= Beginning of Section =

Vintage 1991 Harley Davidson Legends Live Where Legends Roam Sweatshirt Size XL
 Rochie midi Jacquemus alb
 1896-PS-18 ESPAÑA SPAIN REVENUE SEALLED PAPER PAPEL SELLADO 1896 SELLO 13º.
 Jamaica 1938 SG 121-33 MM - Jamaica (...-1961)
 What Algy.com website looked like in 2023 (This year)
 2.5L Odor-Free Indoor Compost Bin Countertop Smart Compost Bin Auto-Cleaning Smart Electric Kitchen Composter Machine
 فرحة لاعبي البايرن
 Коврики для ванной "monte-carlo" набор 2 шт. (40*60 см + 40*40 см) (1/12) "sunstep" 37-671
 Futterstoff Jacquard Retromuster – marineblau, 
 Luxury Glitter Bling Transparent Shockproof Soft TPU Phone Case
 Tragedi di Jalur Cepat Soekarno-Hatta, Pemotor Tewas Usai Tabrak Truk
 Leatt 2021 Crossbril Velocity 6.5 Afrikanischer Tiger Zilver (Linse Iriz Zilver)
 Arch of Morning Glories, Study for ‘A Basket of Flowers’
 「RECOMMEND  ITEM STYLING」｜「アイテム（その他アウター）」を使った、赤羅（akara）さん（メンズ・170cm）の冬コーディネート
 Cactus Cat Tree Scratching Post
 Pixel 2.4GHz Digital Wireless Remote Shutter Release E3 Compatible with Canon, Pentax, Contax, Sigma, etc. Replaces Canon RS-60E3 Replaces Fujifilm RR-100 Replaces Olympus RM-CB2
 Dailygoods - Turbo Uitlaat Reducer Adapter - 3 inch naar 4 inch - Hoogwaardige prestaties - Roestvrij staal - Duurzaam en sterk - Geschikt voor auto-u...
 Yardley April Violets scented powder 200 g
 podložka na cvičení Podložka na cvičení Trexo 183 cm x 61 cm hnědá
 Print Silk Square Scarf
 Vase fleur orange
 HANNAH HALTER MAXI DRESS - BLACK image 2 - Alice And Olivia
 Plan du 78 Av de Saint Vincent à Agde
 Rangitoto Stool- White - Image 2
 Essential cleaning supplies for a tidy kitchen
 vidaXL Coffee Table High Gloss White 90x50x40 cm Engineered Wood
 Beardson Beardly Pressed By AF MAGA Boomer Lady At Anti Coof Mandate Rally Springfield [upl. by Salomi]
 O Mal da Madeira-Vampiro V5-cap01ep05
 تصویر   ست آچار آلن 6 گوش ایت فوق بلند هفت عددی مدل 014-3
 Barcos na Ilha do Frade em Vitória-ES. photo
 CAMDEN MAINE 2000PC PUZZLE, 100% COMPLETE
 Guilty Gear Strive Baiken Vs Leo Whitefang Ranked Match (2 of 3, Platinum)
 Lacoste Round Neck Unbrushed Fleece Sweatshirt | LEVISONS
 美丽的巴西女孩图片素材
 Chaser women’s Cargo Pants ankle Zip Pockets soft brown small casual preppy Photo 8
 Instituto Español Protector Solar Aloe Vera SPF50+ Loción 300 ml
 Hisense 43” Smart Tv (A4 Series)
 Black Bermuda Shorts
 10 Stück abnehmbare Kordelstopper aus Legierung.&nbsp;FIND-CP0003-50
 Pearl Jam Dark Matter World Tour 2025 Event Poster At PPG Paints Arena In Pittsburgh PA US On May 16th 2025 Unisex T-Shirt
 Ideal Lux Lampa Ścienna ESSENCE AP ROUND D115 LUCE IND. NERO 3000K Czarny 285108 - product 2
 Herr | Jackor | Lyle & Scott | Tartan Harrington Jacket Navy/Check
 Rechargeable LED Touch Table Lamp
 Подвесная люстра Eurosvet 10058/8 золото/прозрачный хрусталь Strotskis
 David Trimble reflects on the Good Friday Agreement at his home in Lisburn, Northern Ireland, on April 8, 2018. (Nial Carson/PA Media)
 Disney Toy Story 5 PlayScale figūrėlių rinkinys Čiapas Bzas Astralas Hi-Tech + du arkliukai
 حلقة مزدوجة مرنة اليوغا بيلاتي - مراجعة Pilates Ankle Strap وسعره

= End of Section =

§ **Assignment**:
Only the lines from the start of the material through the line containing "Essential cleaning supplies" should be repeated, and they should be repeated exactly.

§ **Solution to the exercise**:
Vintage 1991 Harley Davidson Legends Live Where Legends Roam Sweatshirt Size XL
 Rochie midi Jacquemus alb
 1896-PS-18 ESPAÑA SPAIN REVENUE SEALLED PAPER PAPEL SELLADO 1896 SELLO 13º.
 Jamaica 1938 SG 121-33 MM - Jamaica (...-1961)
 What Algy.com website looked like in 2023 (This year)
 2.5L Odor-Free Indoor Compost Bin Countertop Smart Compost Bin Auto-Cleaning Smart Electric Kitchen Composter Machine
 فرحة لاعبي البايرن
 Коврики для ванной "monte-carlo" набор 2 шт. (40*60 см + 40*40 см) (1/12) "sunstep" 37-671
 Futterstoff Jacquard Retromuster – marineblau, 
 Luxury Glitter Bling Transparent Shockproof Soft TPU Phone Case
 Tragedi di Jalur Cepat Soekarno-Hatta, Pemotor Tewas Usai Tabrak Truk
 Leatt 2021 Crossbril Velocity 6.5 Afrikanischer Tiger Zilver (Linse Iriz Zilver)
 Arch of Morning Glories, Study for ‘A Basket of Flowers’
 「RECOMMEND  ITEM STYLING」｜「アイテム（その他アウター）」を使った、赤羅（akara）さん（メンズ・170cm）の冬コーディネート
 Cactus Cat Tree Scratching Post
 Pixel 2.4GHz Digital Wireless Remote Shutter Release E3 Compatible with Canon, Pentax, Contax, Sigma, etc. Replaces Canon RS-60E3 Replaces Fujifilm RR-100 Replaces Olympus RM-CB2
 Dailygoods - Turbo Uitlaat Reducer Adapter - 3 inch naar 4 inch - Hoogwaardige prestaties - Roestvrij staal - Duurzaam en sterk - Geschikt voor auto-u...
 Yardley April Violets scented powder 200 g
 podložka na cvičení Podložka na cvičení Trexo 183 cm x 61 cm hnědá
 Print Silk Square Scarf
 Vase fleur orange
 HANNAH HALTER MAXI DRESS - BLACK image 2 - Alice And Olivia
 Plan du 78 Av de Saint Vincent à Agde
 Rangitoto Stool- White - Image 2
 Essential cleaning supplies for a tidy kitchen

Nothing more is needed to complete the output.